Gueorgui Pinkhassov was born in Moscow in 1952. Having worked as a photographer since the late 1970s, he moved to Paris in 1985. Belonging to both worlds on either sides of the vanished Iron Curtain, Pinkhassov produced a particularly poignant visual study of Moscow in 1993. Camera in hand, he followed the path of unknown pleasures to discos, casinos, hotels and gay clubs. Bathed in red, green and blue light, or in the midst of smoke and lasers on the dance floor, Pinkhassov’s subjects appear self-absorbed and static, stolen from the brief nature of the moment.
"I met all kind of fascinating characters and subcultures, and felt the new powerful wave of youthful energy, vitality and passion which amplified social change"
- Gueorgui Pinkhassov
Pinkhassov is widely known for his outstanding work with light, which can transform the most mundane scenes into nothing short of classic tableaux. His shots of a gay couple embracing at the disco or of a crowd watching fireworks in Red Square are indeed much more than just documentation — but an insight into global history and the nature of the Russian mind.

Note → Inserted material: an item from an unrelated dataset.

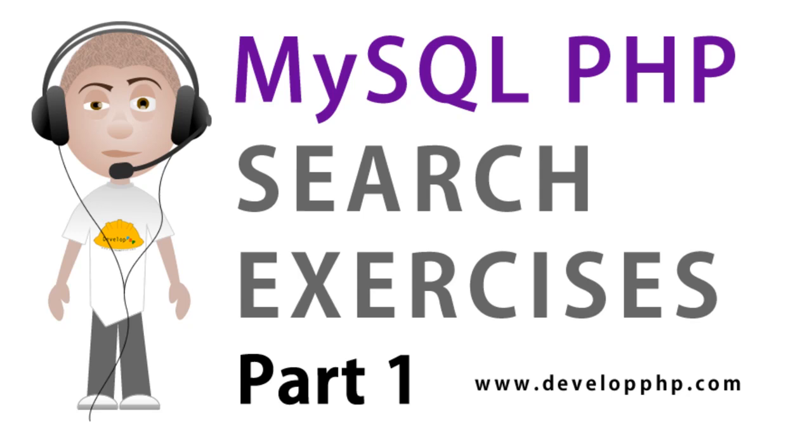Hello everybody. In this video lesson series, we are going to cover basic and advanced ways a PHP programmer can search a MySQL database.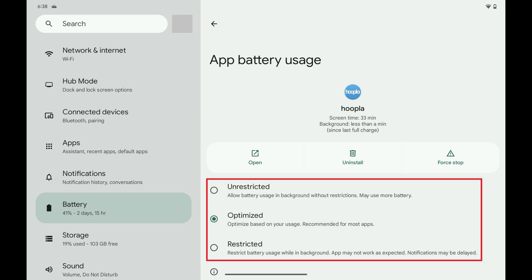An unrestricted setting allows battery usage in the background and will almost certainly use more of your battery. An optimized setting optimizes an app's battery usage based on your usage of that app. A restricted setting restricts an app's battery usage while running in the background. The downside associated with the restricted setting is that notifications associated with that specific app may be delayed.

The photographer’s deep connection with art and film has always been a major influence in his photographic work. “With the deepest respect to all my colleagues at Magnum, I still have the most interest in its founders, particularly the personality of Henri Cartier-Bresson. I feel close to him because he, just like me, started as an artist, and wasn’t planning to be a reporter. The circumstances, and the passion to witness the world around him brought him to this role”, he says.
“I first heard the name of Cartier-Bresson from Andrei Tarkovsky. In the beginning of my artistic journey Tarkovsky liked my photographic work, but when we met in person he referred me to the example of Henri Cartier-Bresson, who I wasn’t aware of the time. ‘Time changes fast, Tarkovski said, it won’t always be like now, photograph while you have a chance’. I couldn’t ignore this advice from someone I considered my guru, although at the time I didn’t want to film reportage or look into private lives of other people. He was right, the world changed quickly. Who could have thought that the Soviet Union would disappear, and all the communications would change so quickly. When we look at these photographs today, we see this life as something exotic”.
Composing his portrait of the decade, Pinkhassov photographed creative pioneers who emerged in the 1980s underground, and each found a different path in the new world of the ‘90s. Artist Garrick Vinogradov is photographed at his studio; while Vladislav Mamyshev-Monroe appears in a few shots from the lavish Metropol Hotel dressed as his frequent alias Marilyn Monroe; and musician Boris Grebenshikov poses against the wall in the bright sunlight with his daughter.
At the same time, Pinkhassov’s photographic quest was not limited to the nightlife and bohème. He captured the streets, squats, train stations, offices, and even the monetary stock exchange to reflect the greater complexity of the times. 1993 saw the White House burning during the constitutional crisis, food shortage in stores, critical level of unemployment and an overarching economic crisis. And although the viewer is aware of the underlying darkness, Pinkhassov’s images still have an air of nostalgia. Both the bright colours of foreign advertising and a striving for glamour would become a permanent fixture in Russian culture in the decades to come — but through Pinkhassov’s lens we still see newness, clarity and wonder.
Anastasiia Fedorova is a writer, curator, cultural critic based in London.